* **Listed records**:
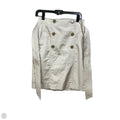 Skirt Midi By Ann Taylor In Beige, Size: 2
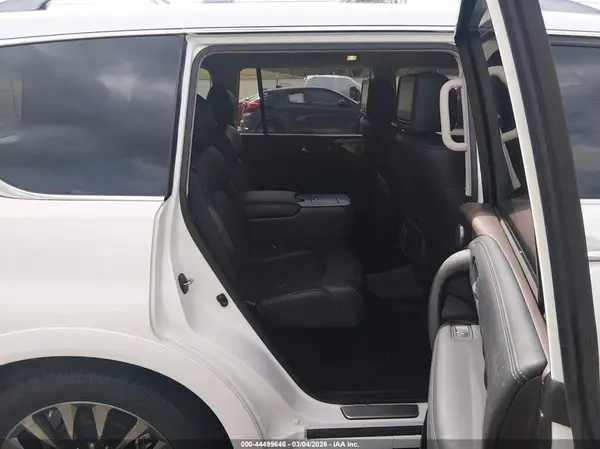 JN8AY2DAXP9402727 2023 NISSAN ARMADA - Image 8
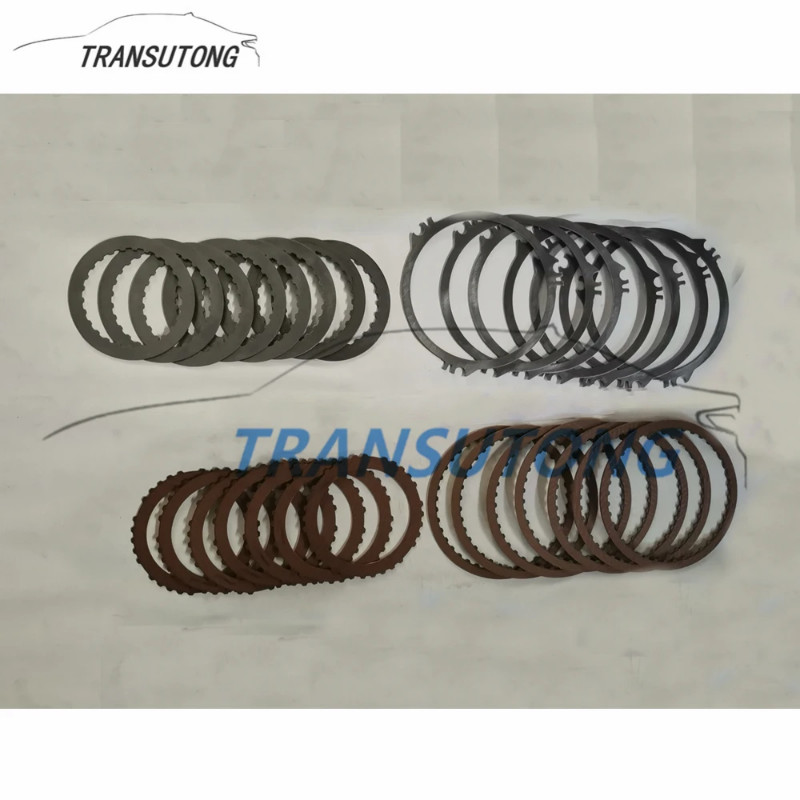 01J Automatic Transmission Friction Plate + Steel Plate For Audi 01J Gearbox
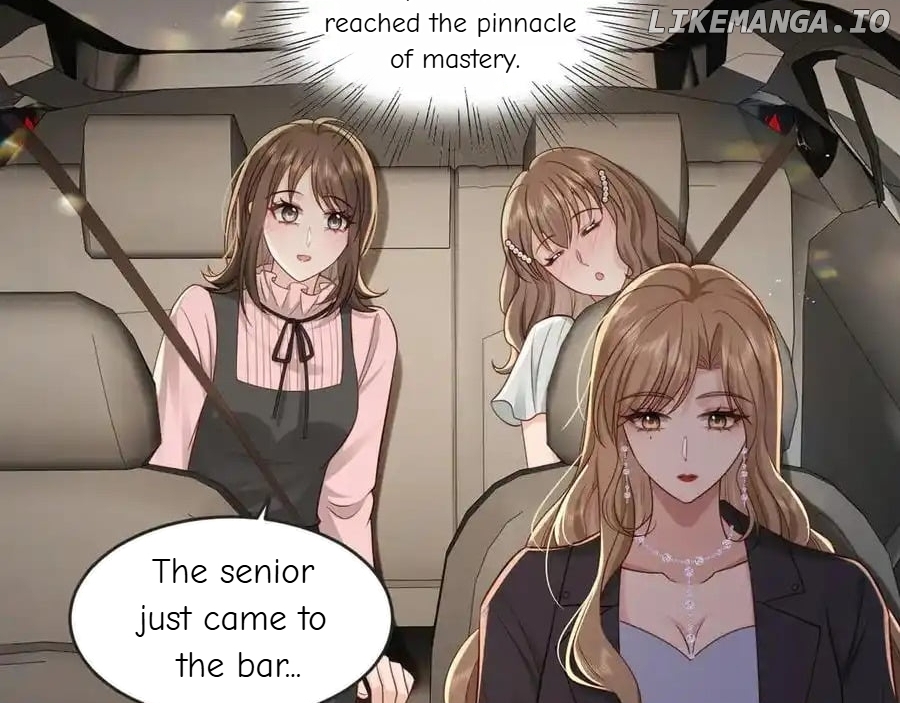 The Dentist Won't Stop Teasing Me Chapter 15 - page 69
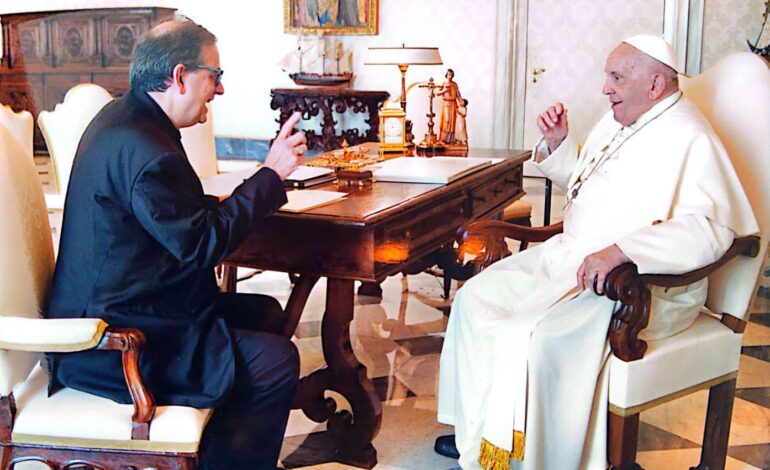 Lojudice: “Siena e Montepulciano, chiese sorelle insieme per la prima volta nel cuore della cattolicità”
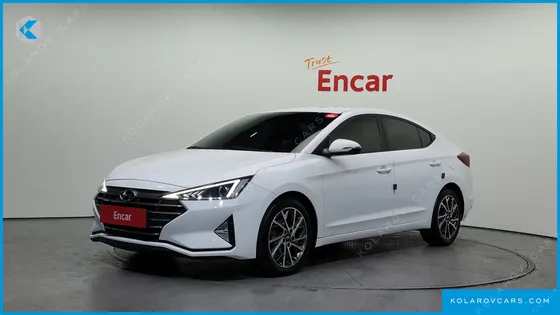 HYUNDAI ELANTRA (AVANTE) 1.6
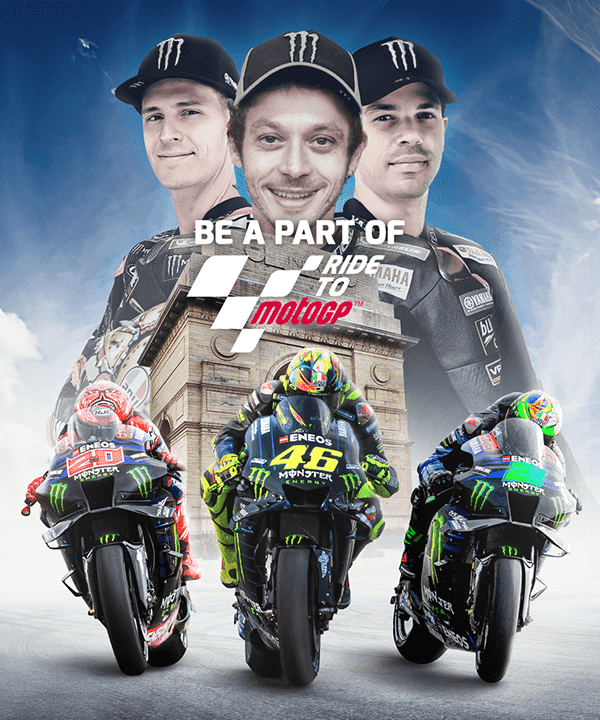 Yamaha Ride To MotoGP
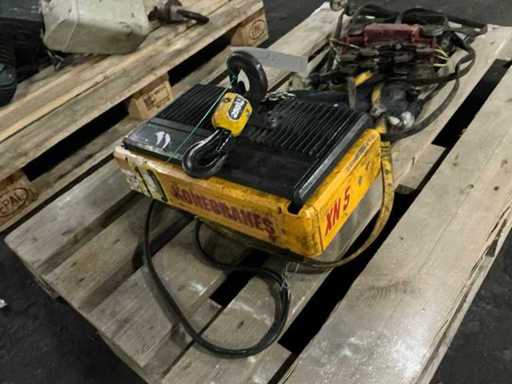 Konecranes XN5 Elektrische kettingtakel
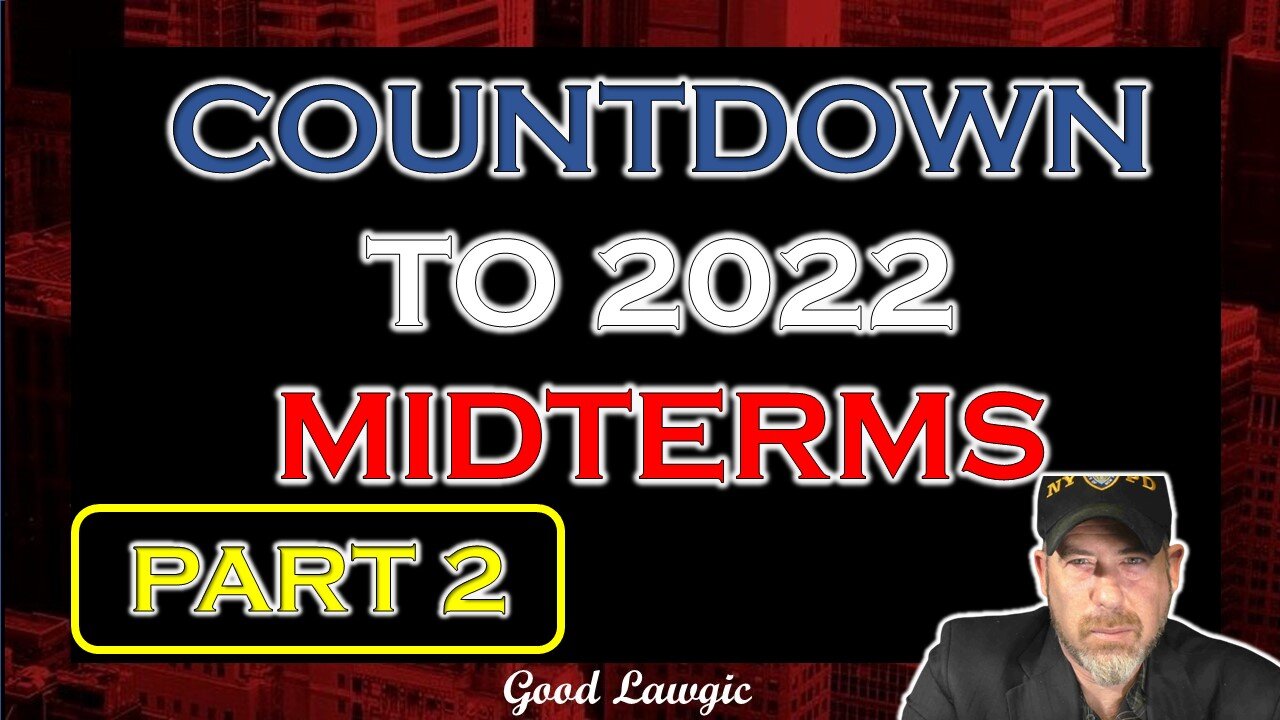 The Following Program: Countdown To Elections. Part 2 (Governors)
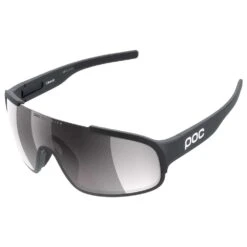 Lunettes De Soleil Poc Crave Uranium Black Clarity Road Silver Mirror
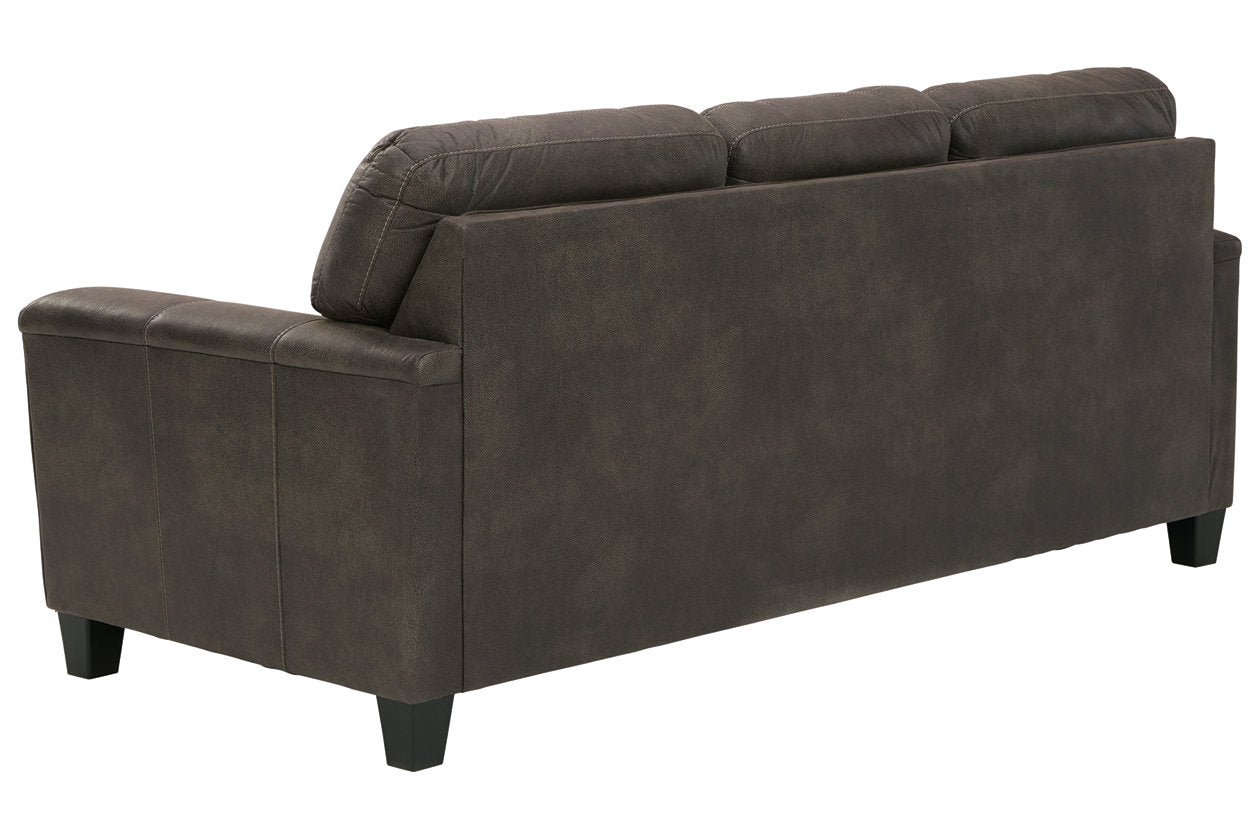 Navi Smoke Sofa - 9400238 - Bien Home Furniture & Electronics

* **Task details**:
Set down word for word every line from the one containing "Konecranes XN5 Elektrische kettingtakel" through the last line of the records above, both ends included. Leave out the pictures.

* **Task output**:
 Konecranes XN5 Elektrische kettingtakel
 The Following Program: Countdown To Elections. Part 2 (Governors)
 Lunettes De Soleil Poc Crave Uranium Black Clarity Road Silver Mirror
 Navi Smoke Sofa - 9400238 - Bien Home Furniture & Electronics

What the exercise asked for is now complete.